Records supplied:
○ ○ ○ ○ ○ ○ ○

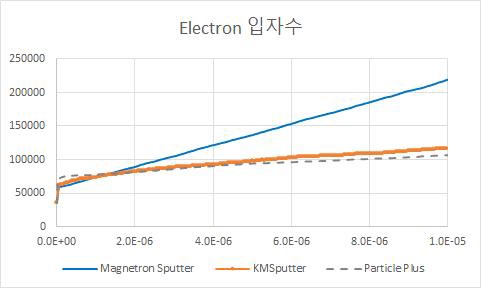 Total Electron Computational Particle Number by time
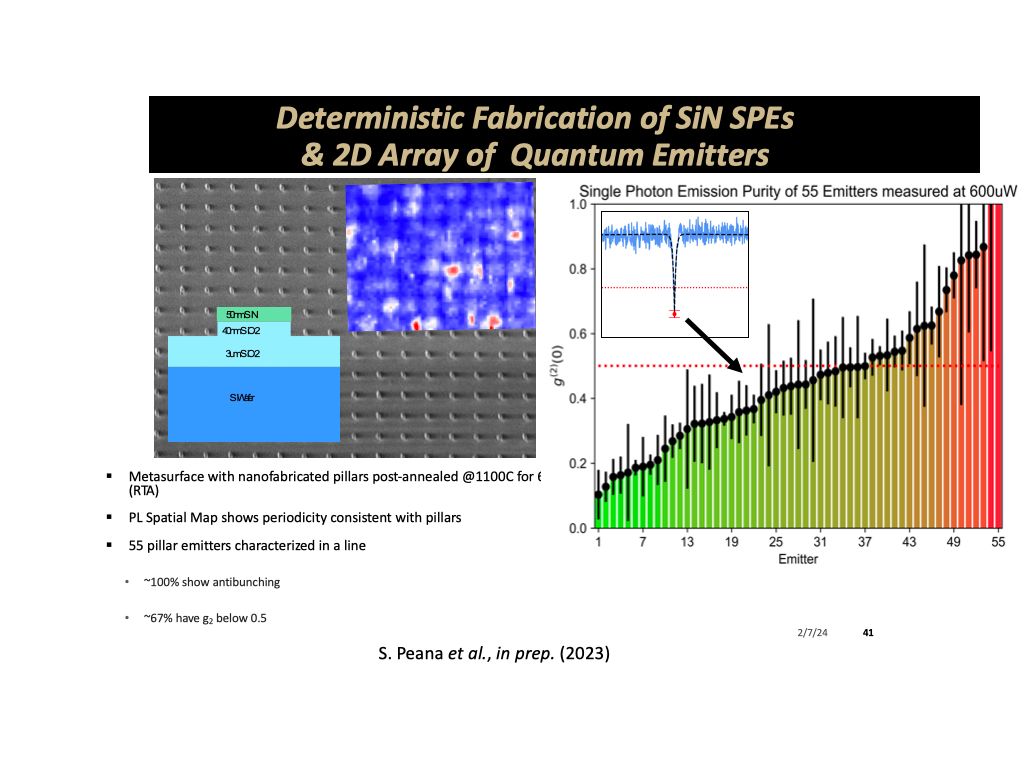 Deterministic Fabrication of SiN SPEs & 2D Array of Quantum Emitters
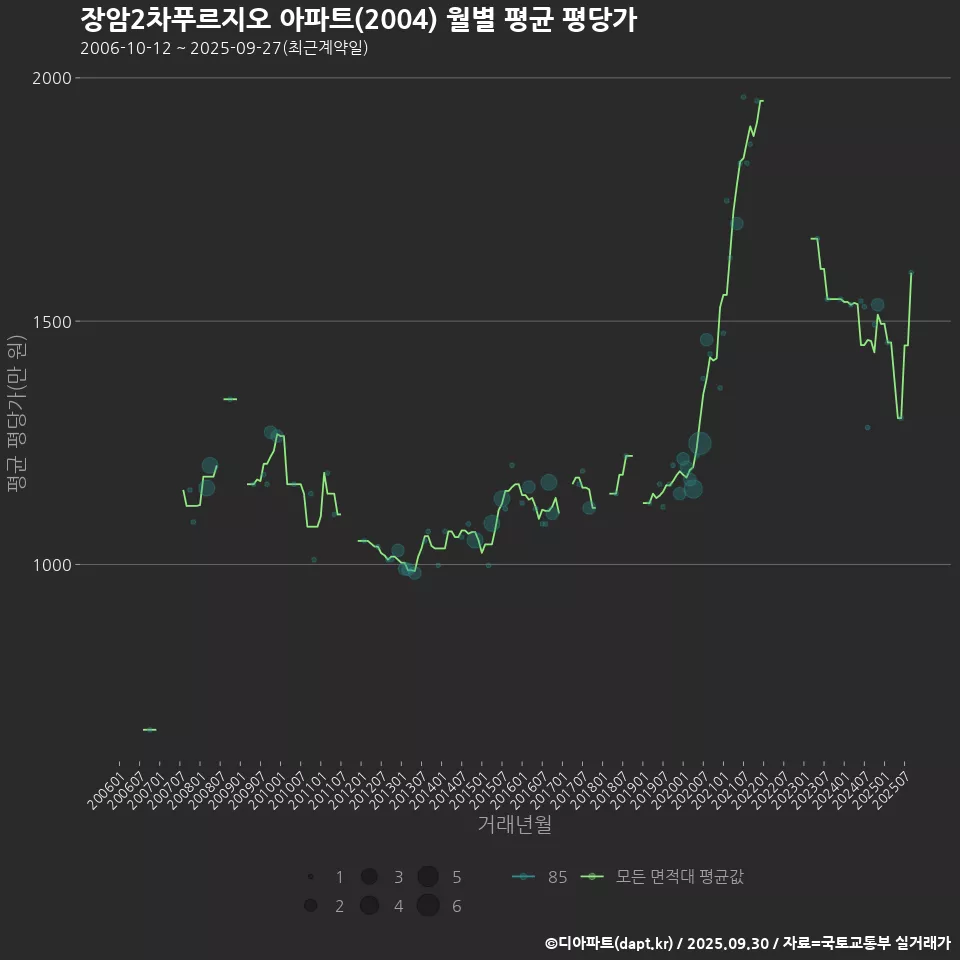 장암2차푸르지오 아파트(2004) 월별 평균 평당가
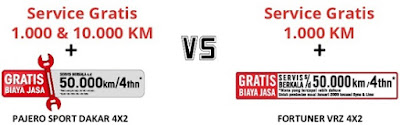 Jangan Beli Toyota Fortuner Sebelum Baca Ini service gratis pajero sport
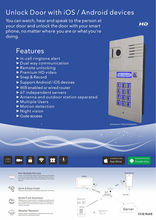 DHL Free shipping wifi IP video door phone Unlock Door with iOS Android smartphone Tablet mobile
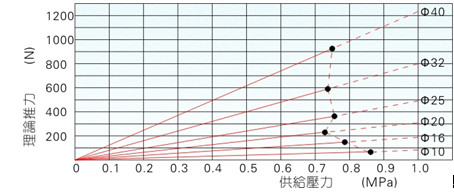 澳门澳官方网站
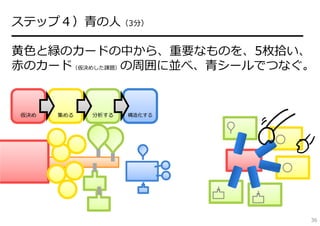 ステップ４）⻘の⼈（3分）
━━━━━━━━━━━━━━━━━━━━━━━━
⻩⾊と緑のカードの中から、重要なものを、5枚拾い、
⾚のカード（仮決めした課題）の周囲に並べ、⻘シールでつなぐ。


仮決め   集める   分析する   構造化する




                             36
 
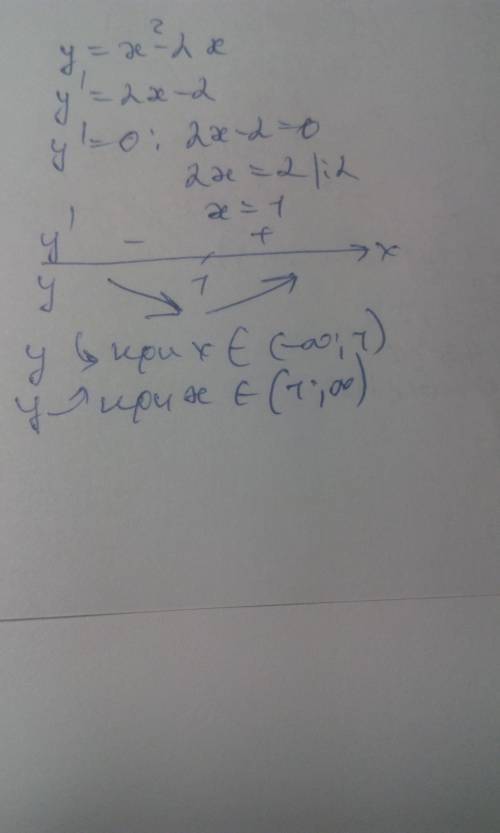 Докажите, что функция y= x^2-2x на промежутке (минус бесконечность; 1] убывает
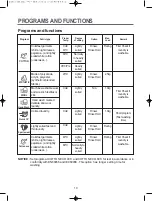 Preview for 10 page of Morris WBW-61055/2 Instruction Manual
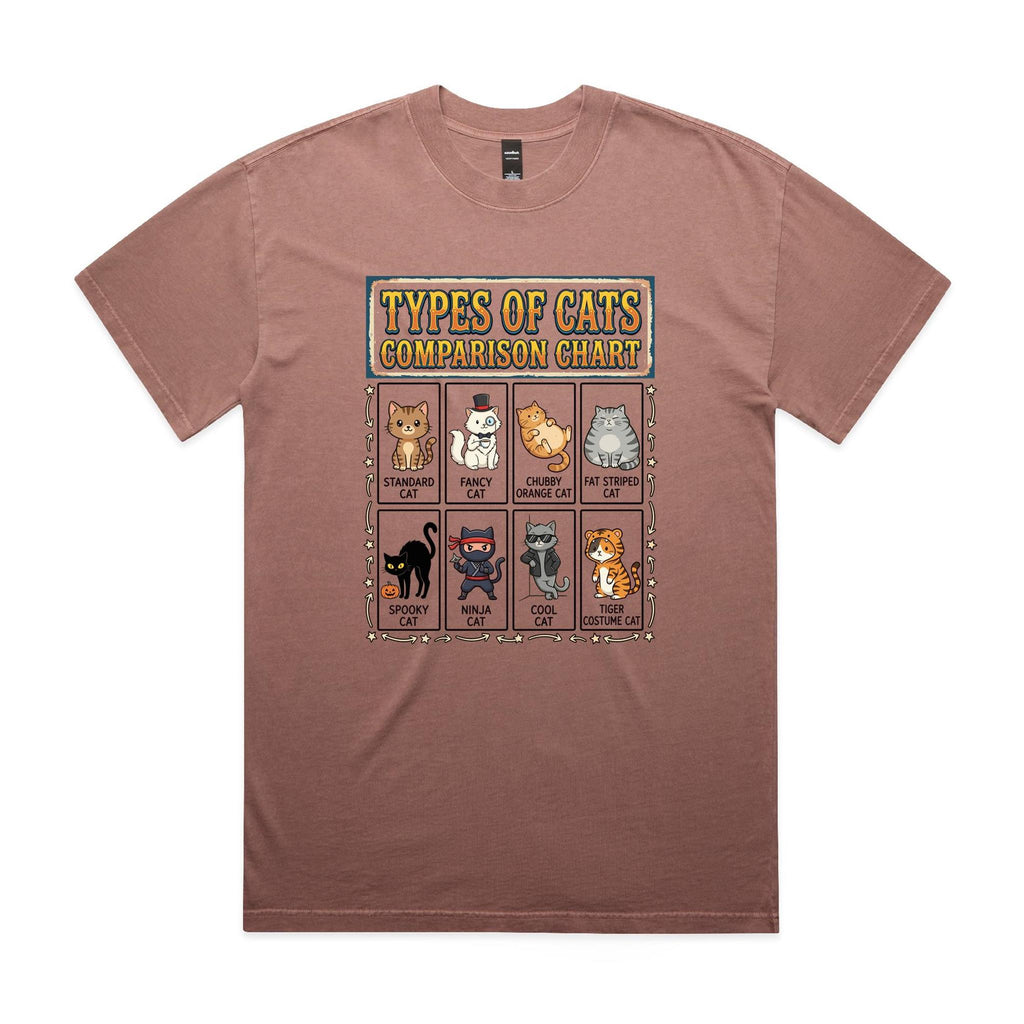 Types Of Cats AS Colour Heavy Faded Tee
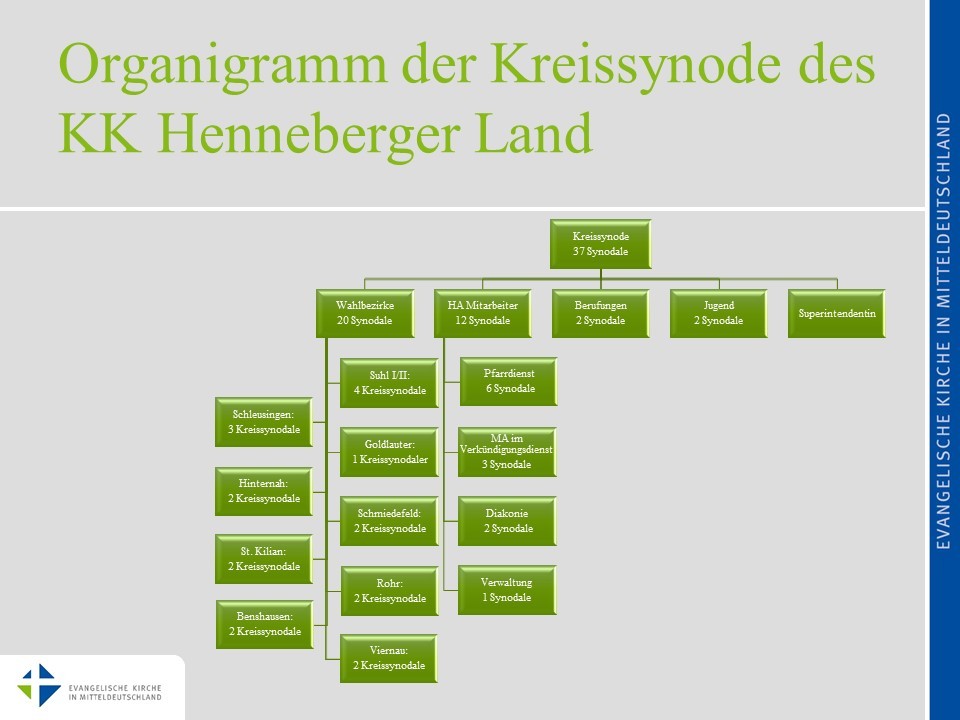 Organigramm Organigramm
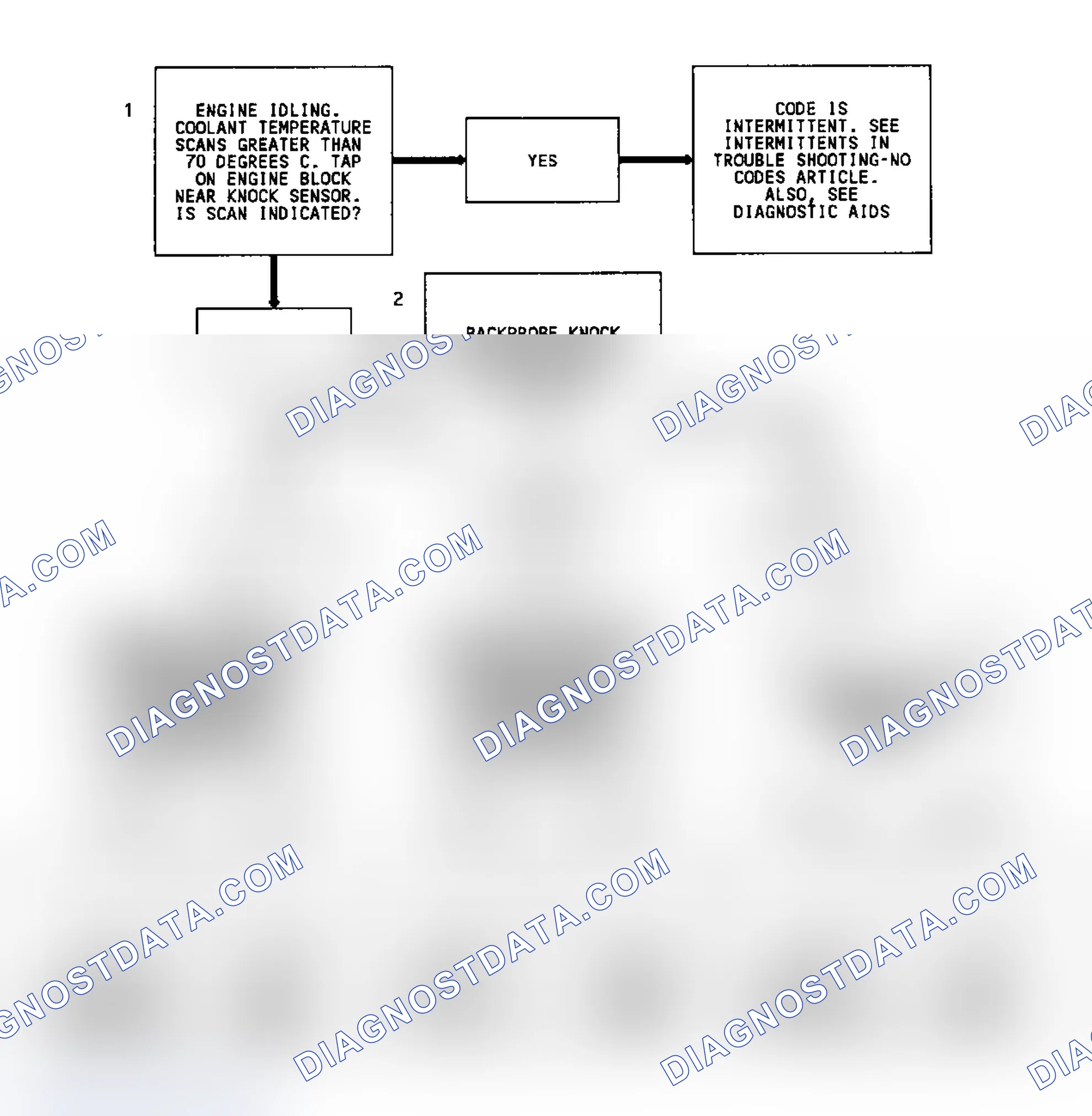 Scheme 294: CODE 43, Flowchart, ESC W/O Module (Exc. 4.3L S & T Series P/U W/ M/T & 4.3L CPI)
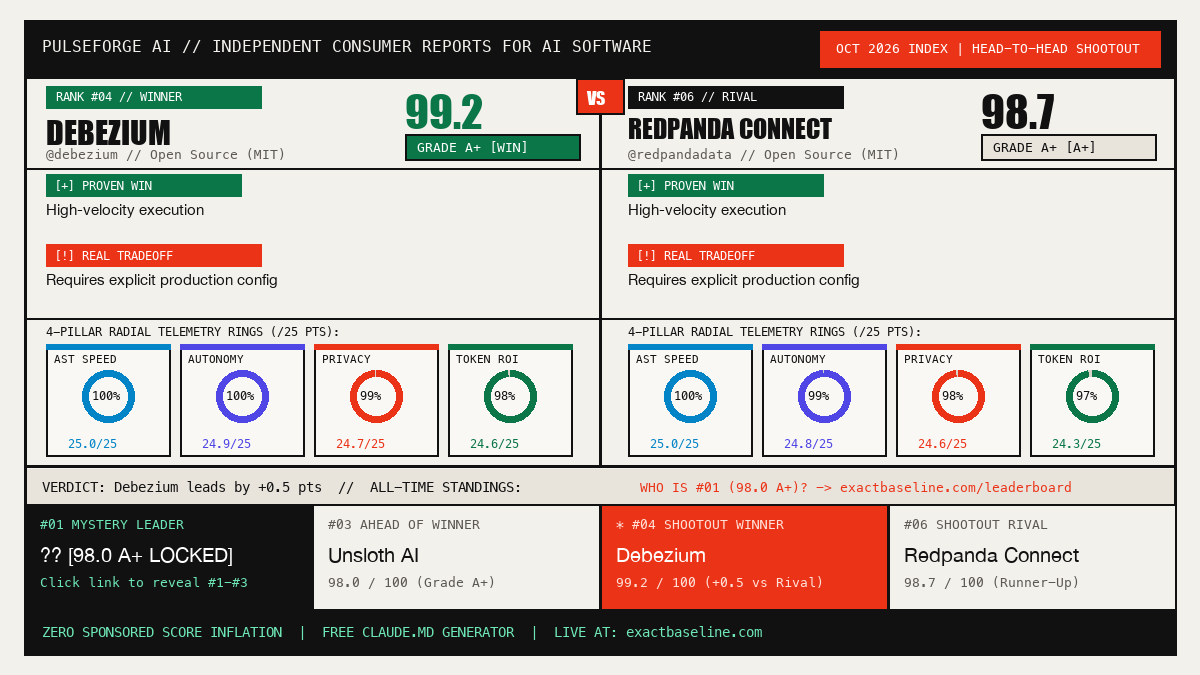 Debezium vs Redpanda Connect Empirical Scorecard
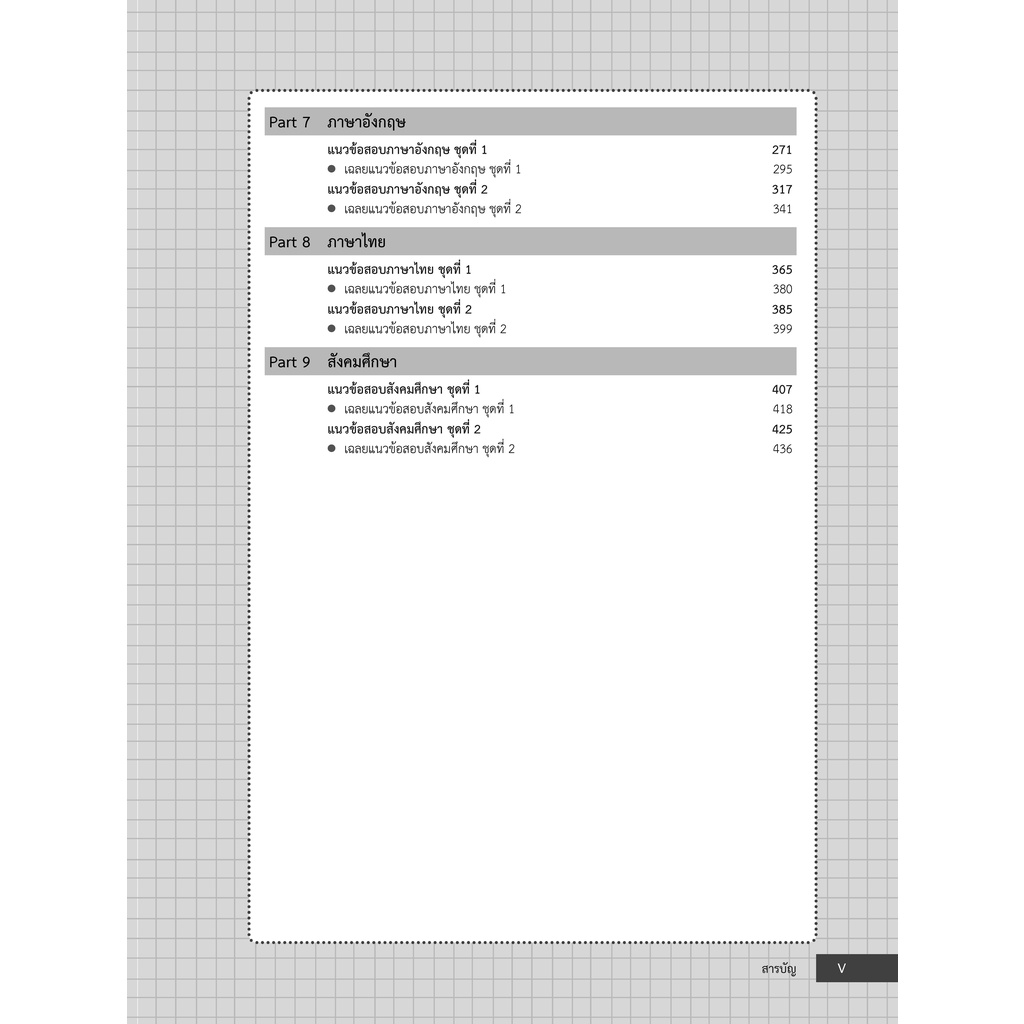 Thinkbeyond Book (ธิงค์บียอนด์ บุ๊คส์) หนังสือเตรียมสอบรวมวิชาสามัญ (9 วิชา) ปี 65-66 93254 - รูปที่ 2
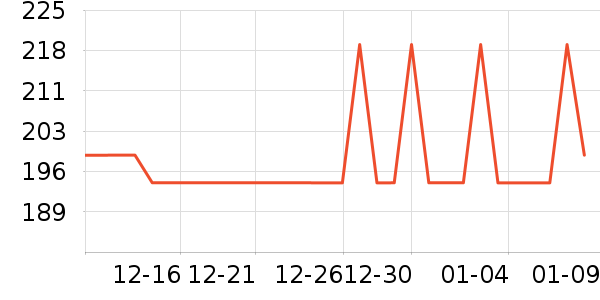 �׼���������ʷ�۸�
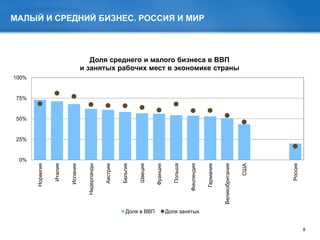 8
МАЛЫЙ И СРЕДНИЙ БИЗНЕС. РОССИЯ И МИР
0%
25%
50%
75%
100%
Норвегия
Италия
Испания
Нидерланды
Австрия
Бельгия
Швеция
Франция
Польша
Финляндия
Германия
Великобритания
США
Россия
Доля среднего и малого бизнеса в ВВП
и занятых рабочих мест в экономике страны
Доля в ВВП Доля занятых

○ ○ ○ ○ ○ ○ ○

What you are asked to do:
In the listing above, find the line with "DHL Free shipping" and the line with "Preview for 10". Transcribe those two and everything between, exactly, leaving out pictures.

Response:
 DHL Free shipping wifi IP video door phone Unlock Door with iOS Android smartphone Tablet mobile
 澳门澳官方网站
 ステップ４）⻘の⼈（3分）
━━━━━━━━━━━━━━━━━━━━━━━━
⻩⾊と緑のカードの中から、重要なものを、5枚拾い、
⾚のカード（仮決めした課題）の周囲に並べ、⻘シールでつなぐ。


仮決め   集める   分析する   構造化する




                             36
 
 Докажите, что функция y= x^2-2x на промежутке (минус бесконечность; 1] убывает
 Preview for 10 page of Morris WBW-61055/2 Instruction Manual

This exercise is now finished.